There’s a lot of distress about the future of American democracy in these divided times. But the antidote to distrust in our institutions, in isolation from our neighbors, may be closer than many of us realize – as close as the nearest bowling alley, community center or church.
A new film makes the case that the future of America may depend on active participation in the community.
“Join or Die” offers good natured encouragement, grounded in some rather serious sociological theory. Rebecca Davis and Pete Davis co-directed the film. Listen to the interview above or read the transcript below.
This transcript has been edited lightly for clarity:
Texas Standard: Some of our listeners may recognize the parameters of this argument right away as a somewhat familiar critique. That was first an academic article back in the mid-90s, and then it went on to be a rather popular book right around 2000 or so called “Bowling Alone” by Robert Putnam. Could you say more about the premise of the book that’s at the heart of this film? Pete, you were saying you actually took a class with Robert Putnam?
Pete Davis: Yeah, I took a class with Robert Putnam. And in the spirit of his whole message of community, he had it in his house to try to get us all to be closer together so it wouldn’t be in, like, a sterile classroom.
So just a nutshell, what is it that Putnam is arguing with this book?
Pete Davis: Two big arguments. One is that community is fundamental to democracy. The building block of a healthy democracy is not what’s happening in Washington. It’s what’s happening in ordinary neighborhoods – neighbors getting together and participation. And number two, that in the last 50 years, community has been in decline. We have about half as much of what he calls “social capital” as we did back in mid-century – people joining clubs, people joining unions, people joining bowling leagues, people joining congregations. And that infrastructure is very important. And if it’s in decline and we don’t turn it around, we’re going to be in trouble.
I think anyone listening to us would recognize how this would resonate in modern times. And yet we’re talking about a thesis that was first written in 1995. And I think largely, Putnam had his eyes on how television and other distractions were sort of taking us away from a sense of community. You’re nodding your head quite a bit here, Rebecca. Is that about right?

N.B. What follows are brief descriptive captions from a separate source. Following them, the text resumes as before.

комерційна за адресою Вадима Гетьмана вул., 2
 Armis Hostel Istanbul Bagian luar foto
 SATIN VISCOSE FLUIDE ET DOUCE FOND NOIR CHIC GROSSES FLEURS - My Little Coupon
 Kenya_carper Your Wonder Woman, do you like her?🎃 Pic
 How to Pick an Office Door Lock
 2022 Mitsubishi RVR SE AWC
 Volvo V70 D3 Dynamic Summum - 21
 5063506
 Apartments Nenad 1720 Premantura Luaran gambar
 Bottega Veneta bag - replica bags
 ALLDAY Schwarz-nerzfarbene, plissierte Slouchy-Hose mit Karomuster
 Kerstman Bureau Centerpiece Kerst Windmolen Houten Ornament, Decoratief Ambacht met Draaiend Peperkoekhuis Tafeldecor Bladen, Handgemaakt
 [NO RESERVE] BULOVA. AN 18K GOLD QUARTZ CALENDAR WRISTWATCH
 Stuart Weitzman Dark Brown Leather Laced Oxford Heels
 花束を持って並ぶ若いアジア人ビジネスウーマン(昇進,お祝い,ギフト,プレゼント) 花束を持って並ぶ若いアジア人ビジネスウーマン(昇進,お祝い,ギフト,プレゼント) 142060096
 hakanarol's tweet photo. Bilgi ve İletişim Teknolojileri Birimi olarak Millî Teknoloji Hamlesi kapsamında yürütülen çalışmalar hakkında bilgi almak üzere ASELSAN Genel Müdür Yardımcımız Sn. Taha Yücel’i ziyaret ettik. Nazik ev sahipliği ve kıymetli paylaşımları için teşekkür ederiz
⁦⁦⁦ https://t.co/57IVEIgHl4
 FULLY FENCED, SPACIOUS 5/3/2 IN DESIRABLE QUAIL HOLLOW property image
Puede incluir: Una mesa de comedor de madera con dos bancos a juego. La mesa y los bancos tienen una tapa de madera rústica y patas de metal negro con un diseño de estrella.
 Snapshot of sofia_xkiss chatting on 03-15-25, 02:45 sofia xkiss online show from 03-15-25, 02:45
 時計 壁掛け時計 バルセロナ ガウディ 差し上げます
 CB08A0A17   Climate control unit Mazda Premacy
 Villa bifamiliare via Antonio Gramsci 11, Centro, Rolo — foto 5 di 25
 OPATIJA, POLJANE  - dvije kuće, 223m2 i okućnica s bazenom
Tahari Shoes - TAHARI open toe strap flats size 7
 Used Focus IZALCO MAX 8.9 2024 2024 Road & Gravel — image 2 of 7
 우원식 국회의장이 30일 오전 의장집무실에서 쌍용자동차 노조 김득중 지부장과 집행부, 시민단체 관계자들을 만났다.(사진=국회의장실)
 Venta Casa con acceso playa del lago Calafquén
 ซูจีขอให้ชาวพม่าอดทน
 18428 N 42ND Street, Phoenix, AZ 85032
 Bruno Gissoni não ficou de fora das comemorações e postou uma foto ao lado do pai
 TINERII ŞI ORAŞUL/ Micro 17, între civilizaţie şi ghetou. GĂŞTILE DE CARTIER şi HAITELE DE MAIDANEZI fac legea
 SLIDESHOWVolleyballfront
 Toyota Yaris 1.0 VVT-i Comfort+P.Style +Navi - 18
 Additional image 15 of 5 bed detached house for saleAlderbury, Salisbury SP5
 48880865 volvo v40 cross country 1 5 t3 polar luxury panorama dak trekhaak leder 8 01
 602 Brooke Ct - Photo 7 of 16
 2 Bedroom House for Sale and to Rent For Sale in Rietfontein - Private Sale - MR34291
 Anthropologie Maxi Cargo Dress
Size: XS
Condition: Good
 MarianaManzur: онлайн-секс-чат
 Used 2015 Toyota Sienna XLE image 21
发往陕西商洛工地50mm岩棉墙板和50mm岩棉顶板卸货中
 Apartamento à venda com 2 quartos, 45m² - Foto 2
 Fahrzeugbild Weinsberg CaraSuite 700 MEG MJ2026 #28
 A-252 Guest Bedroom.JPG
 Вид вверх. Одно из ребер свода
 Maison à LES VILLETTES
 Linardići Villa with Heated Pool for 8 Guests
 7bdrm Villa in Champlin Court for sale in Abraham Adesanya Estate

Rebecca Davis: Yeah, absolutely. And I think that was one reason, when Pete and I came together to work on this film, we felt like we wanted to bring it back into the conversation. It was around 2018 at that point. “Bowling Alone” had been out for about 18 years and Facebook was not even kind of on the scene at that moment. And these kinds of questions about what was going on with our community were just increasingly in the conversation. And we said, “hey, I think it’s about time for this book that was really prescient and kind of early on these concerns about community, you how to revisit them.”